» WHAT YOU ARE ASKED TO DO: An exact repetition of the data is required; no picture should appear in it.

(Records excerpted from a collection)
'''
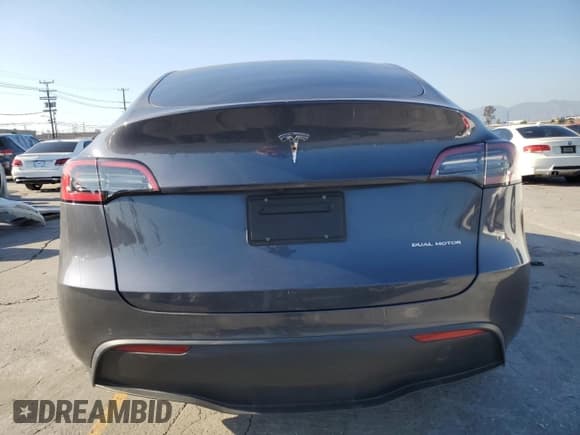 ✅ 2022 Tesla Model Y Long Range • VIN: 7SAYGDEE0NF534315 • Lot: 87289405. Wystawiony na Copart z przebiegiem 46 837 mil. Bezpłatny archiwum sprzedaży aukcyjnych z USA i szczegółowy raport historii pojazdu na DreamBid. Zdjęcie 6.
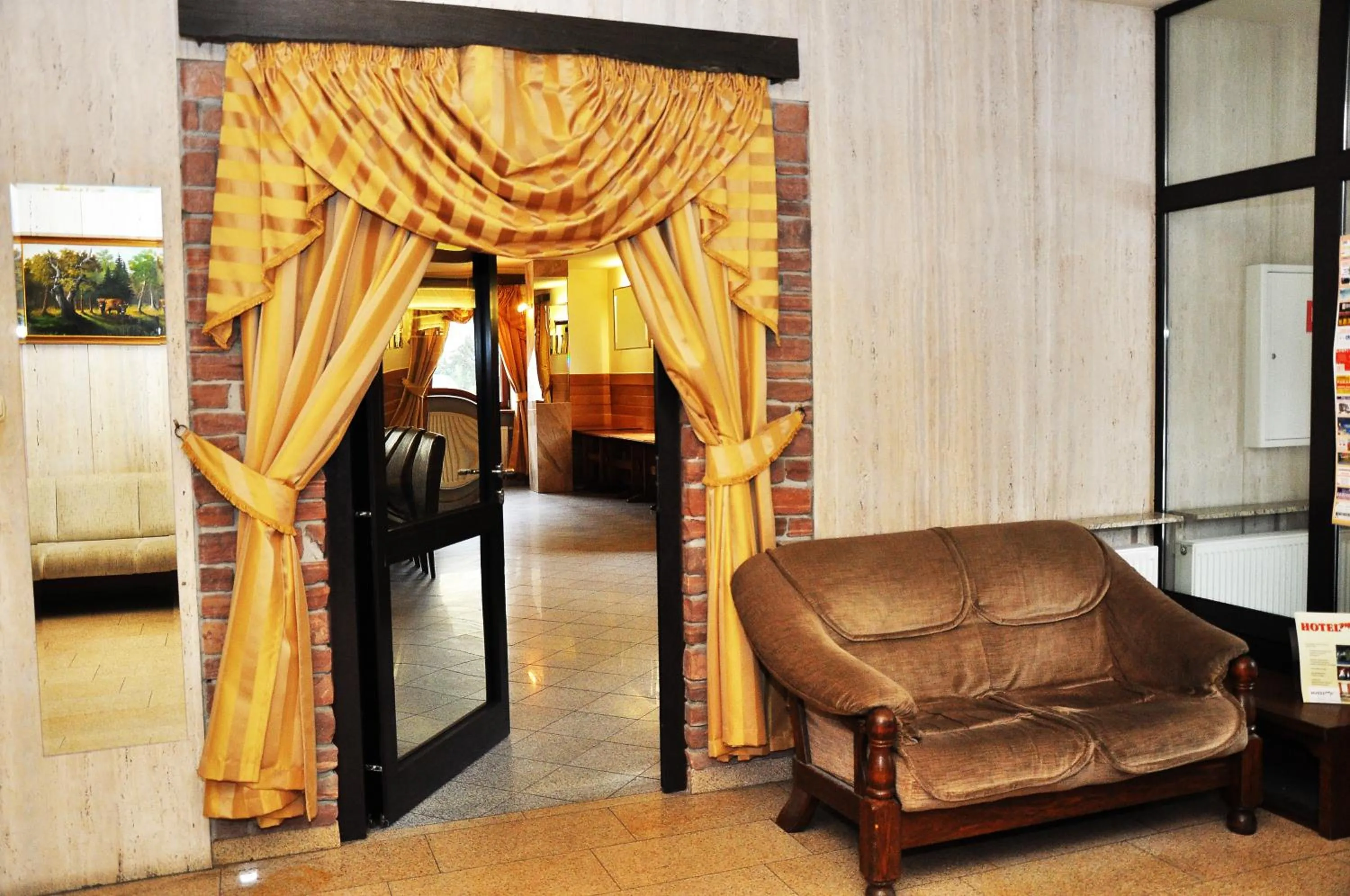 Lobby or reception in Hotel Młyn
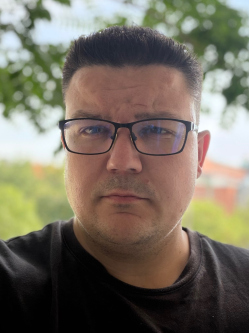 Joco, 35 �ves t�rskeres� f�rfi, Budapest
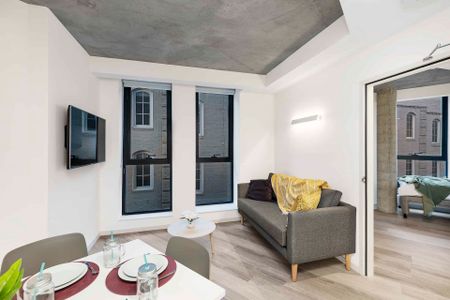 3 Bedroom Ensuite, King Single Bed - Photo 3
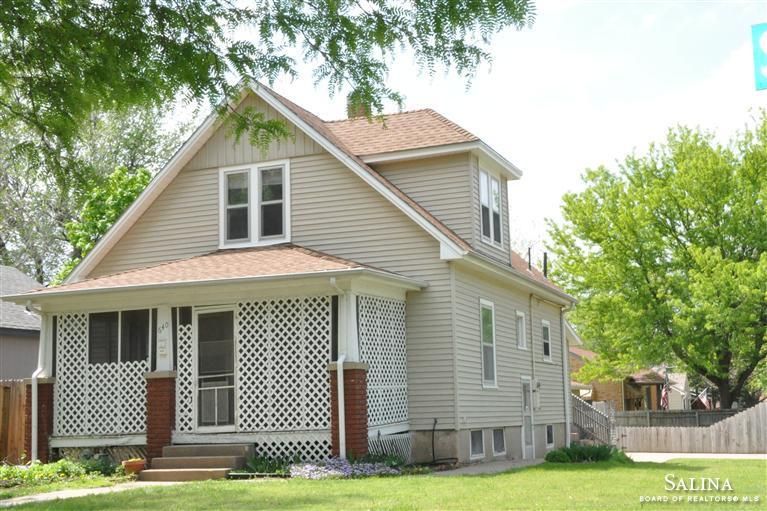 640 S 11 Th St, Salina, KS 67401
'''
» SOLUTION:
 ✅ 2022 Tesla Model Y Long Range • VIN: 7SAYGDEE0NF534315 • Lot: 87289405. Wystawiony na Copart z przebiegiem 46 837 mil. Bezpłatny archiwum sprzedaży aukcyjnych z USA i szczegółowy raport historii pojazdu na DreamBid. Zdjęcie 6.
 Lobby or reception in Hotel Młyn
 Joco, 35 �ves t�rskeres� f�rfi, Budapest
 3 Bedroom Ensuite, King Single Bed - Photo 3
 640 S 11 Th St, Salina, KS 67401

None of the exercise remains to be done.